Lernen wir, dass unschöne Wörter genannt werden dürfen, wenden wir auch diese Methode an.
Lernen wir, dass es wichtig ist, im Gespräch zu gewinnen, wenden wir das an.
Unsere erste Prägung wird von der Umwelt weiter geformt. Meistens verfestigen wir unsere Art des Redens, wenn wir keine besseren Möglichkeiten vorgestellt bekommen. Das bedeutet, dass unsere Kommunikation geprägt sein kann von:
Kritik: „So wie du das machst, ist es falsch.“
Interpretation: „Du denkst das, weil …“
Bewertungen: „Du bist dick, doof, hässlich, faul, arm ...“
Strafandrohung: „Wenn du das nicht machst, dann passiert ein Donnerwetter.“
Verallgemeinerungen: „immer, alle, stets …“
Sich im Recht fühlen: „…“
Im Rahmen einer psychologischen Beratung oder eines Kommunikationsseminars werden diese Kommunikationsmuster aufgedeckt. Zusammen mit dem Klienten wird besprochen:
Von wem habe ich diese Muster gelernt?
Haben mir diese Muster in der Vergangenheit geholfen oder eher geschadet?

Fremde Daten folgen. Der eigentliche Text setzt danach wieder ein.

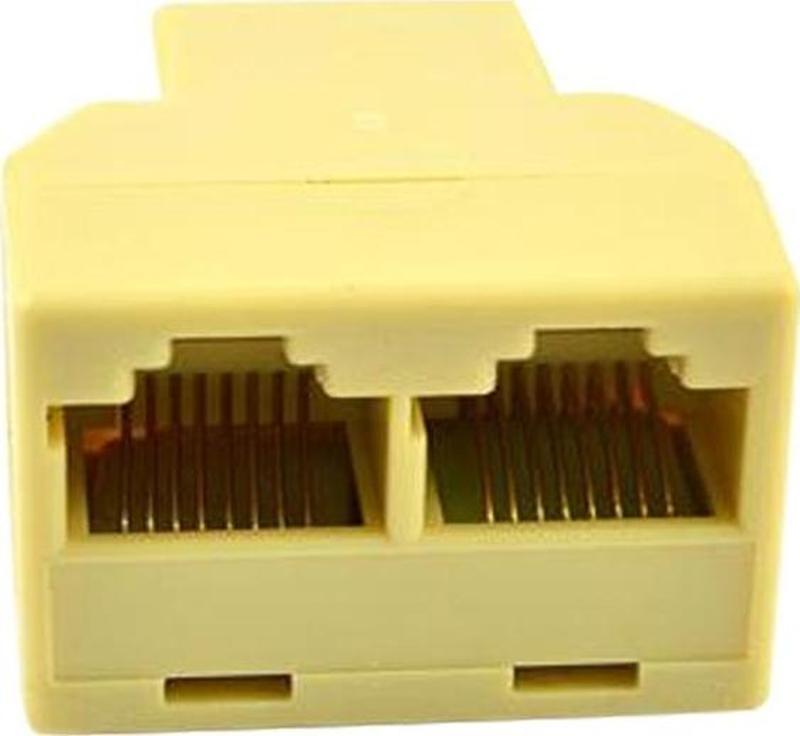 RJ 45 1 DİŞİ/2 DİŞİ ÇEVİRİCİ 8P8C (DAĞITICI-ÇOKLAYICI)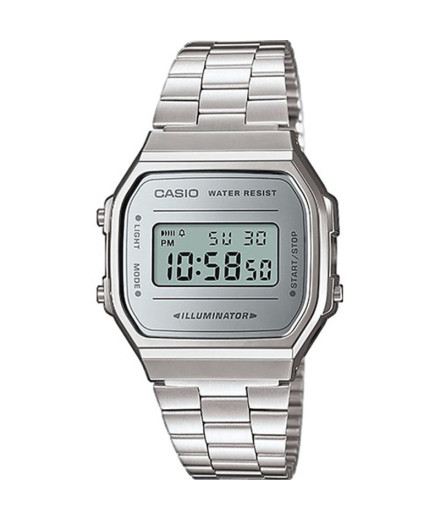 Montre Casio A168WEM-7EF Face au miroir Montre Casio A168WEM-7EF Face au miroir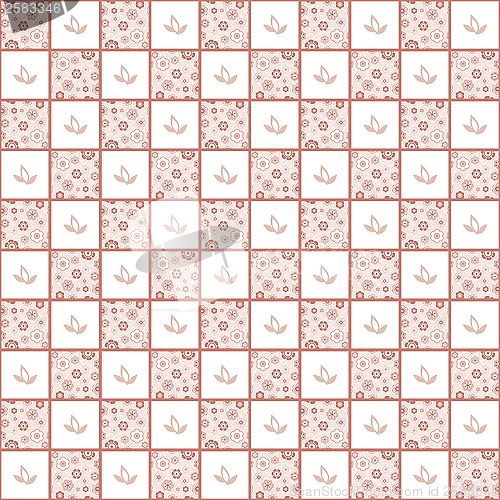 Image of  seamless floral pattern 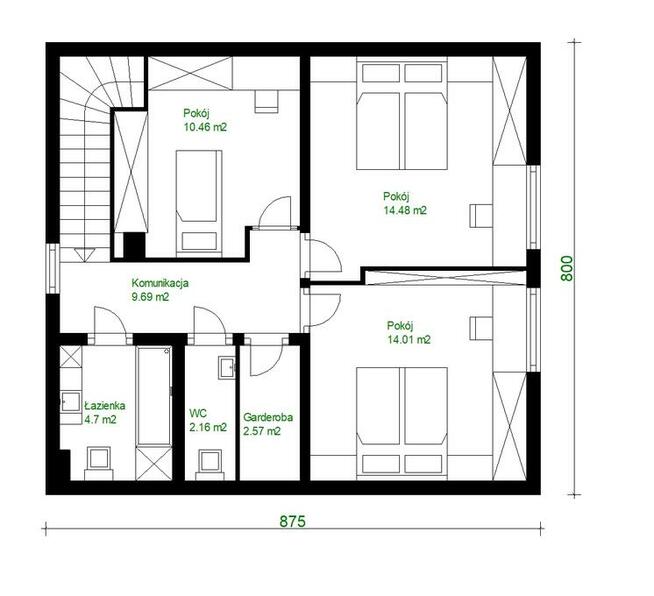 PL 22 dom na zgłoszenie 70 m Polski ład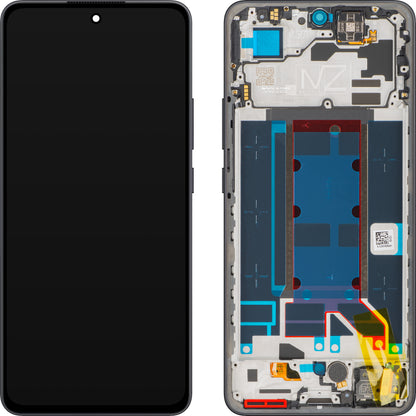 Display s Touchscreenom Oppo Reno13 FS 5G / Reno13 F, s okvirom, Sivi (Graphite Grey), Service Pack 621029000449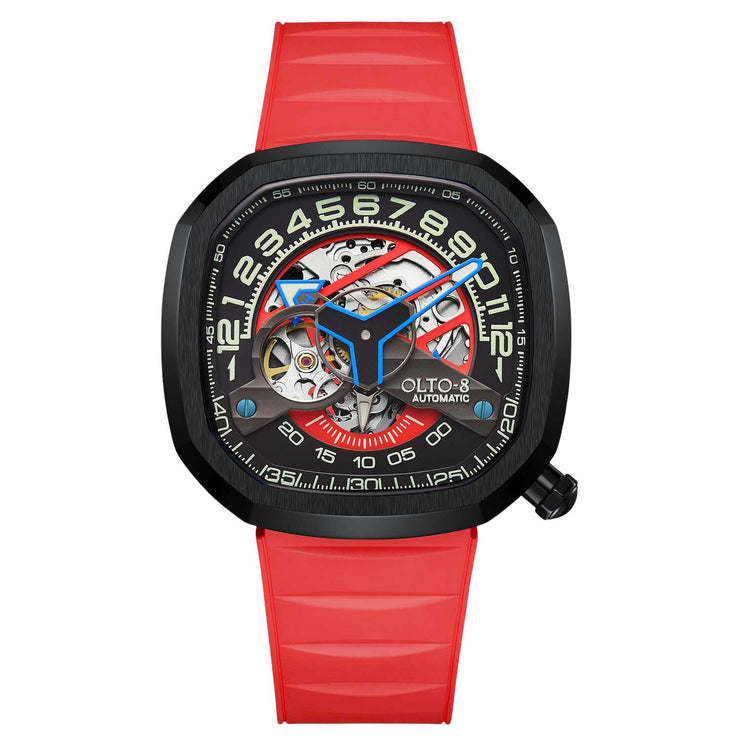 Olto - 8 Infinity II RPM Automatic Black Red - Watches.com - IF22 - S3836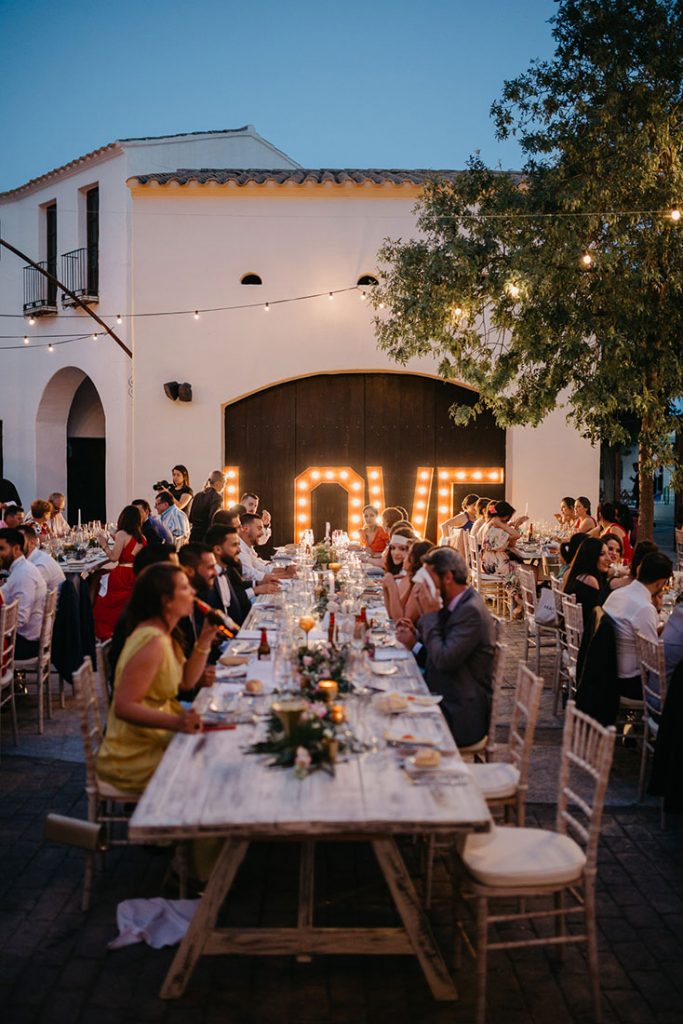 cena de bodas Boda Militar Sofía y Fran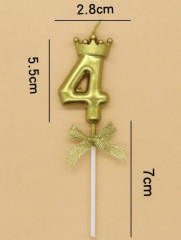 Свеча-цифра для торта - Фото 1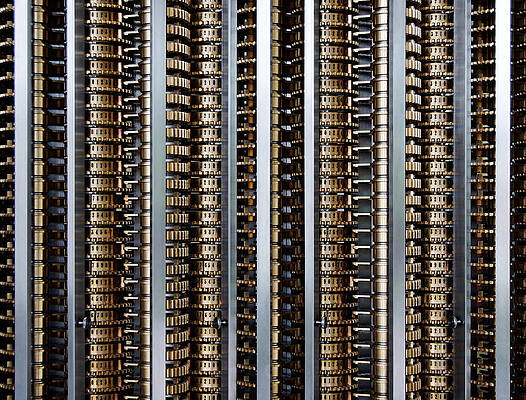 Textured Photograph - Genuine Steampunk -- Charles Babbage Difference Engine No. 2 Mechanical Computer by Darin Volpe
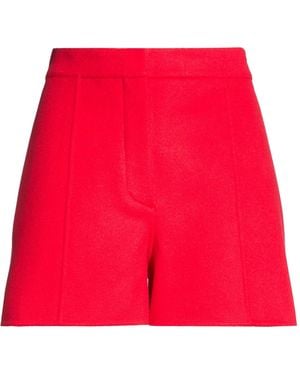 Sportmax Shorts & Bermuda Shorts Virgin Wool - Red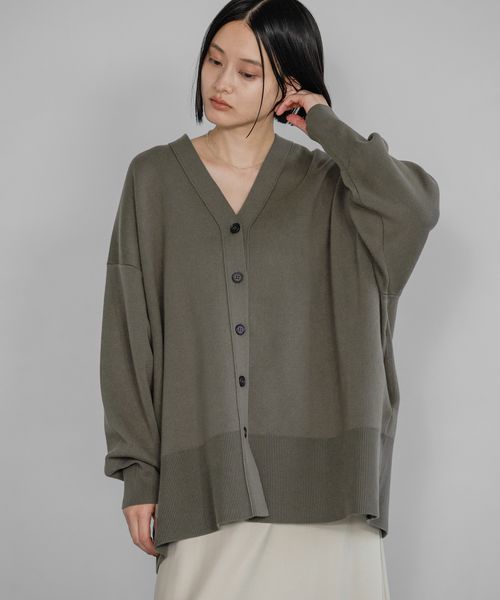 apart by lowrys WEB限定／スポンジニットBIGカーディガン チャコールグレー FREE 福袋他 アパートバイローリーズ 183469 and ST アンドエスティ（旧ドットエスティ）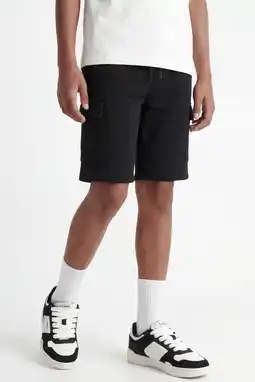 Wehkamp JACK & JONES JUNIOR cargo short JPSTBRADLEY zwart aanbieding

Wie geht es mir, wenn ich so rede?
Wie geht es mir, wenn ich sehe, dass es den anderen betroffen macht, wenn ich so rede?
Ist dem Klienten sein Kommunikationsmuster bewusst, kann dieses Stück für Stück neu erlernt werden. Eine Form der wertschätzenden Kommunikation ist die gewaltfreie Kommunikation.
Was ist gewaltfreie Kommunikation?
Sie wurde von Marshall Rosenberg ins Leben gerufen. Bei dieser Art der Kommunikation richtet sich die Aufmerksamkeit auf das, was einem wichtig ist. Die eigenen Wünsche und Bedürfnisse stehen hierbei im Mittelpunkt.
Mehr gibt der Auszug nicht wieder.